Anche una piccola parte di cittadini che non segue le misure sanitarie può amplificare la diffusione di un’epidemia e farla correre più rapidamente nelle grandi città. È quanto mostra una ricerca del Politecnico di Milano, pubblicata sulla rivista Proceedings of the Royal Society A della Royal Society di Londra. Lo studio, firmato da Fabio Mazza, Marco Brambilla, Carlo Piccardi e Francesco Pierri del Dipartimento di Elettronica, Informazione e Bioingegneria (DEIB), analizza come la presenza di individui che non rispettano le raccomandazioni di salute pubblica influenzi l’andamento dei contagi in ambiente urbano.
Utilizzando reti di contatto basate su dati reali e un modello matematico che distingue tra cittadini “aderenti” e “non aderenti” alle misure sanitarie, i ricercatori hanno simulato la diffusione di un’epidemia in tre città italiane: Torino, Milano e Palermo.
Le simulazioni mostrano che anche una piccola quota di persone non aderenti può aumentare in modo sostanziale il picco dei contagi e anticiparne il momento, mettendo sotto stress le strutture sanitarie. L’effetto è particolarmente evidente quando la trasmissibilità della malattia è moderata.

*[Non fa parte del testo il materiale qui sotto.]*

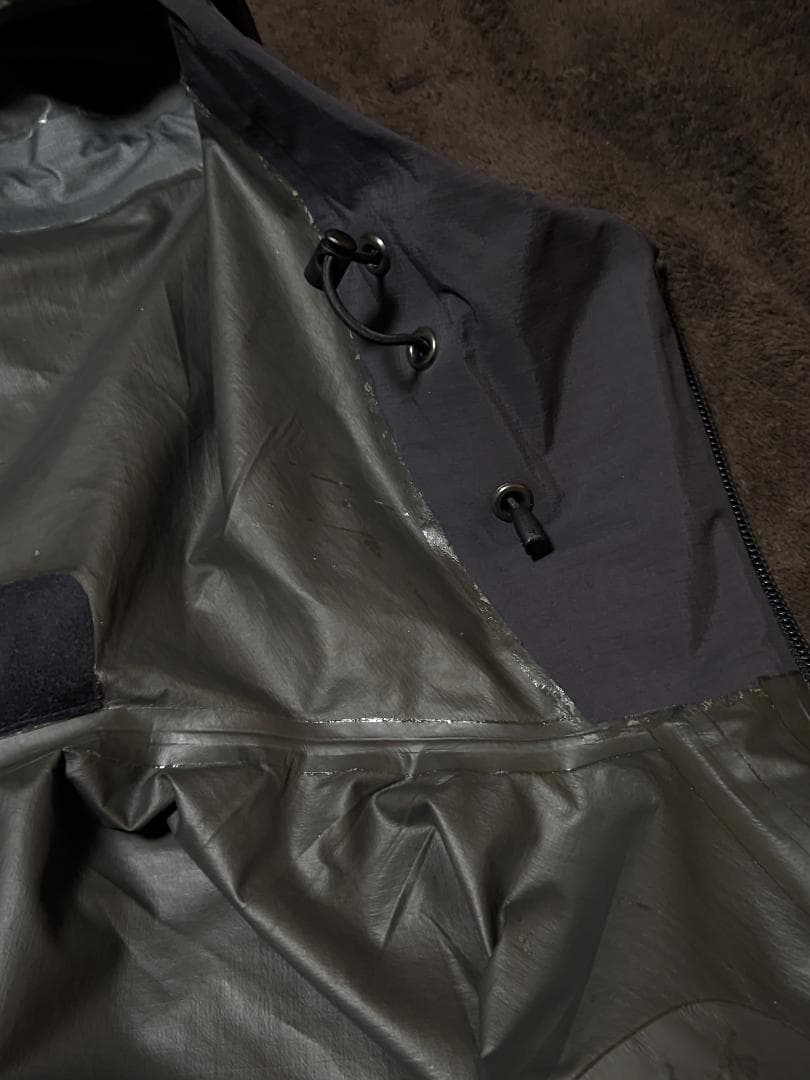 【廃盤】ARC'TERYX ALPHA SL CARBON COPY II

Inoltre, quando le persone che ignorano le regole di prevenzione sono concentrate in determinate aree, si formano veri e propri “hotspot” locali, che rendono più difficile contenere l’epidemia.

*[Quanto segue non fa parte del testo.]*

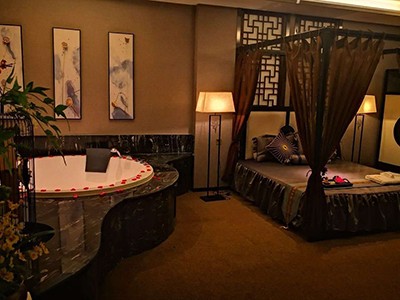 静安区足疗店有哪些店铺呢电话,上海静安区女子美容店有哪些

“Abbiamo osservato che, sebbene a livello globale l’epidemia segua dinamiche simili tra le città considerate” spiega Francesco Pierri, ricercatore del Data Science Lab del Politecnico di Milano e coordinatore dello studio, "la distribuzione geografica dei comportamenti non aderenti può modificare sensibilmente le traiettorie locali dei contagi, generando differenze marcate tra quartieri diversi della città.
Il lavoro sottolinea la necessità di monitorare la distribuzione dei comportamenti di prevenzione e di adattare le strategie sanitarie alle caratteristiche dei singoli contesti urbani, per rendere più efficaci gli interventi di salute pubblica.